Однако мальчишки едва ли считали себя друзьями. Они никогда не помечали кого-то ярлыками, как девчонки: «самый лучший друг» или «почти самый лучший друг», частенько меняя один ярлык на другой. Каждый из примерно дюжины пацанов мог оказаться на месте любого из этой троицы и был бы благосклонно принят остальными. Большинство членов этой компании были в возрасте от девяти до двенадцати лет, слишком большие, чтобы томиться в собственных или соседских дворах, но слишком маленькие, чтобы работать, даже чтобы подметать дорожки перед магазинами или доставлять покупки на великах. Большинство мальчиков жили в северной части города, а это означало, что вскоре им светит работа вроде этой, как только они дорастут до нее, и ни одного не пошлют ни в Эпплби-колледж, ни в колледж Верхней Канады. Никто из них не ютился в лачугах, ни у кого родственники не сидели в тюрьме. И все равно существовали заметные различия между их домашней жизнью и между тем, чего от каждого из них ожидали в будущем. Но разница эта исчезала, едва мальчишки оказывались вне видимости городской тюрьмы и элеватора, и церковных шпилей, вне слышимости боя курантов на башне здания суда.
На обратном пути они двинулись быстрее. Время от времени переходили на торопливый семенящий шаг, но не бежали. Забыли о прыжках, плюханьях и выкрутасах, не вопили и не гикали. Богатства, принесенные потопом, принимались во внимание, но и только. Они шли домой, как настоящие взрослые: с хорошей неизменной скоростью, избрав самый разумный маршрут, неся в себе груз того, что им пришлось сделать, и того, что нужно сделать дальше. Перед глазами, прямо перед глазами у них стояла картина, отделившая их от мира, нечто подобное, видимо, есть у большинства взрослых. Запруда, машина, рука, пальцы. Они думали, что, дойдя до определенного места, начнут кричать. Они войдут в город, вопя, и разнесут по всему городу весть, и все замрут, услыхав ее.
Реку они пересекли как обычно – по карнизу моста. Но без чувства опасности, без куража или показной небрежности. Точно так же они могли бы двигаться по пешеходной дорожке.
Вместо того чтобы пойти по крутой дороге, ведущей и к пристани, и на площадь, они вскарабкались прямо на высокий берег и по тропке вышли к железнодорожным складам. Куранты отыграли четверть. Четверть первого.
В это время люди шли домой обедать. У офисных служащих был короткий день. Но работников магазинов отпускали только на часовой обеденный перерыв – все магазины по субботам оставались открытыми до десяти, а то и до одиннадцати вечера.

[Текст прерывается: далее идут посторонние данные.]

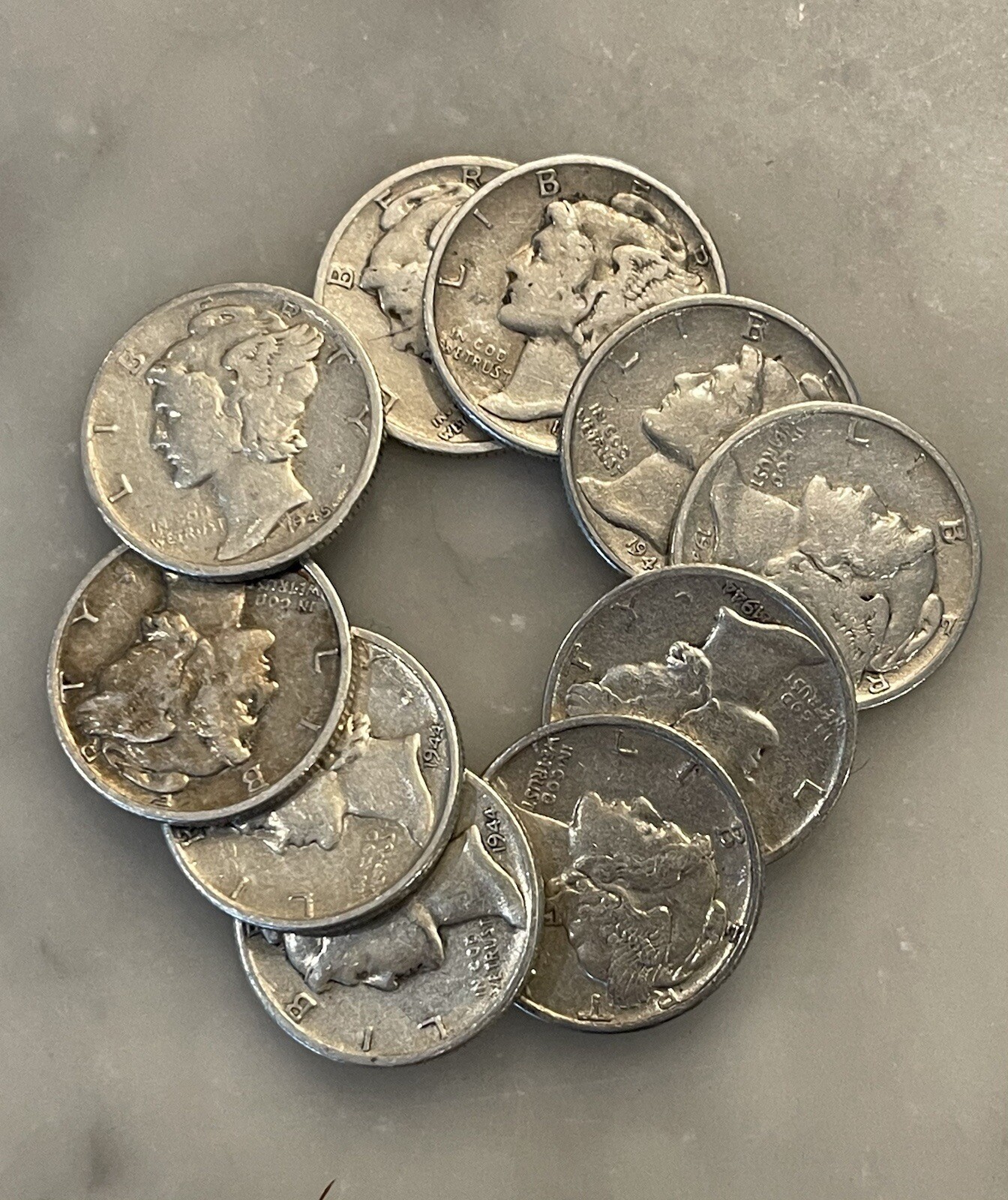 [Lot of 10] Mercury Dimes Mixed Dates 1916-1945 Metal Coin Collectibles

Большинство дома ждал горячий и сытный обед. Свиные отбивные, колбаса, или отварная говядина, или рулет по-деревенски. Обязательно картофель – пюре или жареный, запасенные на зиму корнеплоды, или капуста, или лук под белым соусом. (Некоторые хозяйки – побогаче или неумехи, – наверное, открывали баночку консервированного горошка или бобов.) Хлеб, сдобные булочки или оладьи, варенье, пирог. Даже те, у кого не было дома, или по каким-то причинам они не хотели туда идти, могли довольствоваться почти точно такой же пищей в «Герцоге Камберленде», или в «Купеческом отеле», или, подешевле, у запотевшего окна молочного бара «Шервилс».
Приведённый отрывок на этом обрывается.